TASK DESCRIPTION: Your answer must be the full listing, reproduced exactly, minus any pictures.

STORED DATA:
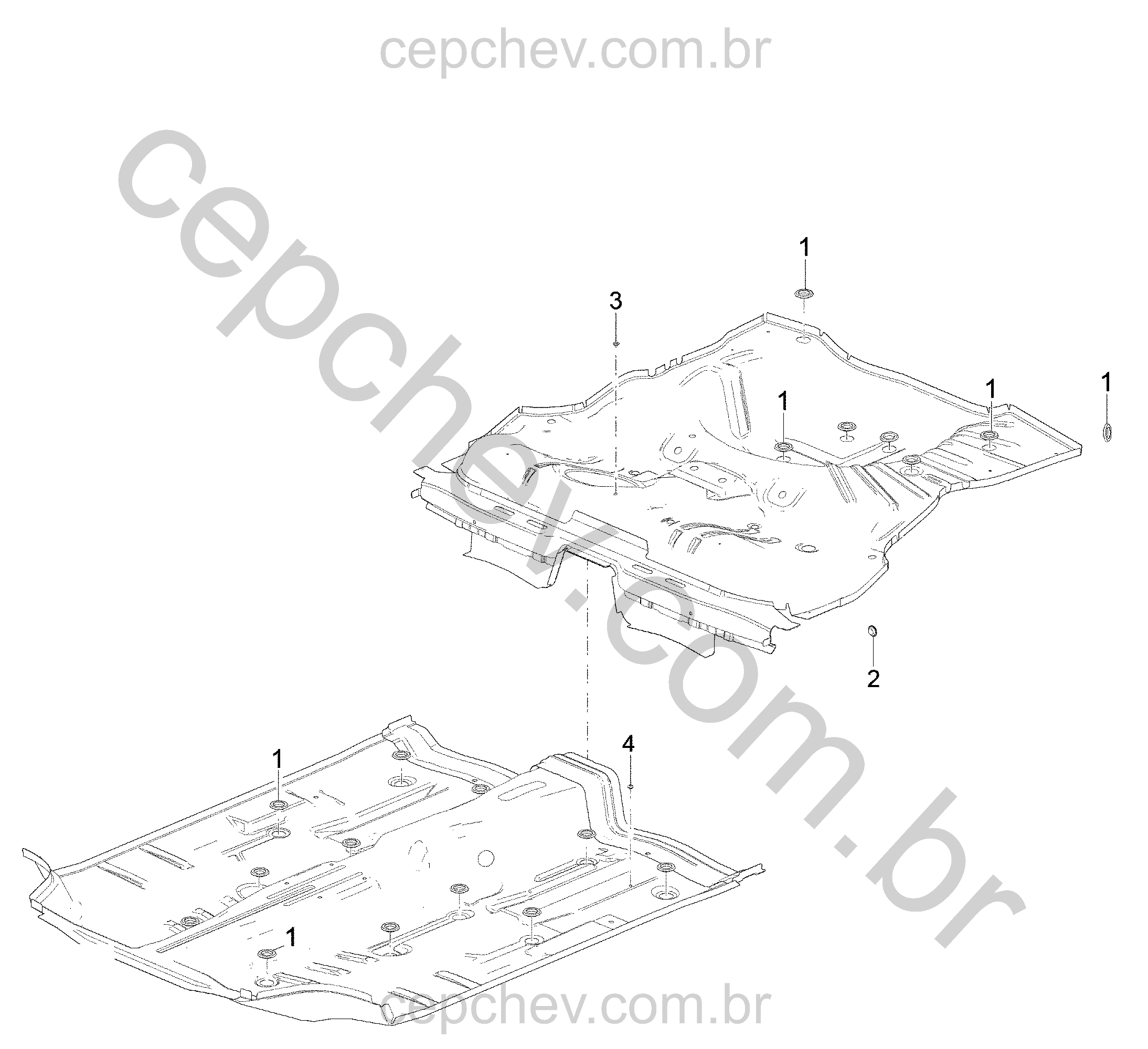 Isolador de carroceria e bujões para painel e caixa de roda (2011–2017)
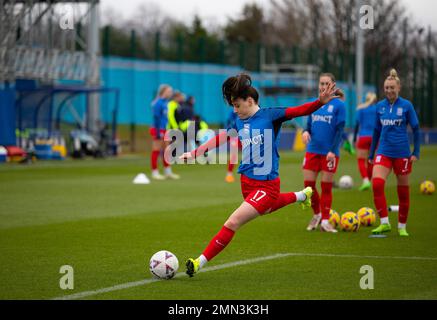 Liverpool, Großbritannien. 29. Januar 2023. Liverpool, England, Januar 29. 2023: Action aus dem FA-Cup-Spiel der Damen zwischen Everton und Birmingham City im Walton Hall Park in Liverpool, England. (James Whitehead/SPP) Kredit: SPP Sport Press Photo. Alamy Live News Stockfoto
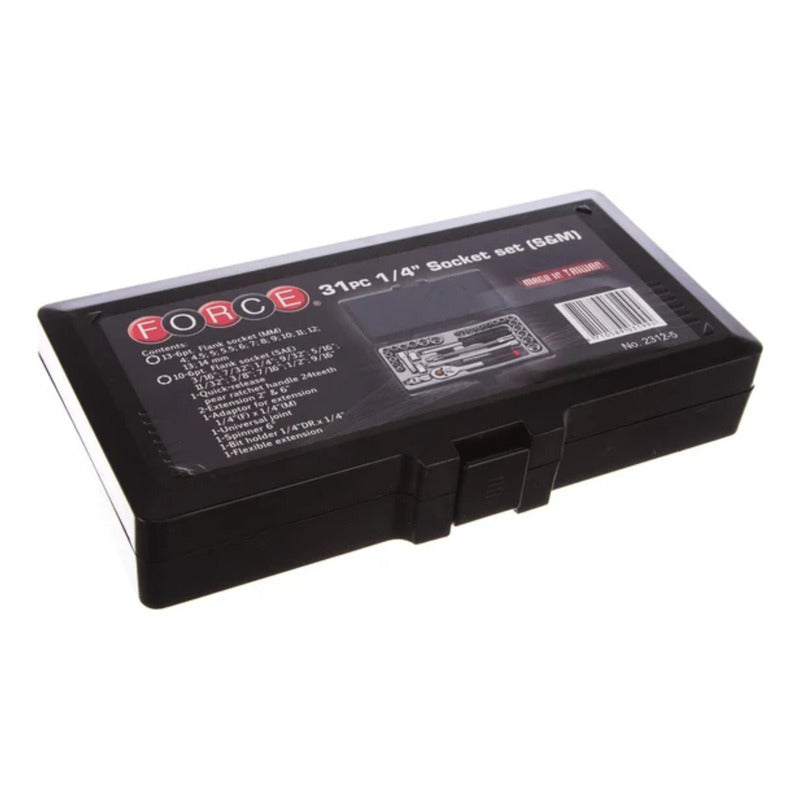Juego Dados Hex. []1/4`` Mm./puLG. 31 Piezas (2312-5), Force Cromo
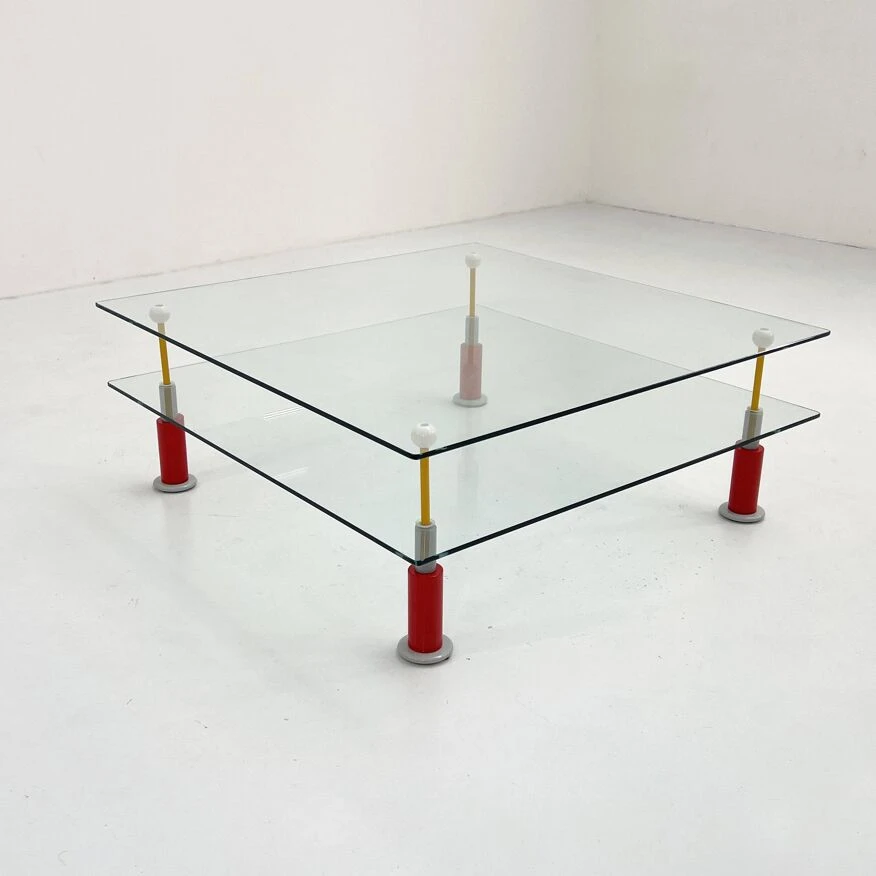 Postmodern Glass Coffee Table With Floating Pane, 1980s 6 Postmodern Glass Coffee Table With Floating Pane, 1980s - Image 6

SOLUTION TO THIS PROBLEM:
 Isolador de carroceria e bujões para painel e caixa de roda (2011–2017)
 Liverpool, Großbritannien. 29. Januar 2023. Liverpool, England, Januar 29. 2023: Action aus dem FA-Cup-Spiel der Damen zwischen Everton und Birmingham City im Walton Hall Park in Liverpool, England. (James Whitehead/SPP) Kredit: SPP Sport Press Photo. Alamy Live News Stockfoto
Juego Dados Hex. []1/4`` Mm./puLG. 31 Piezas (2312-5), Force Cromo
 Postmodern Glass Coffee Table With Floating Pane, 1980s 6 Postmodern Glass Coffee Table With Floating Pane, 1980s - Image 6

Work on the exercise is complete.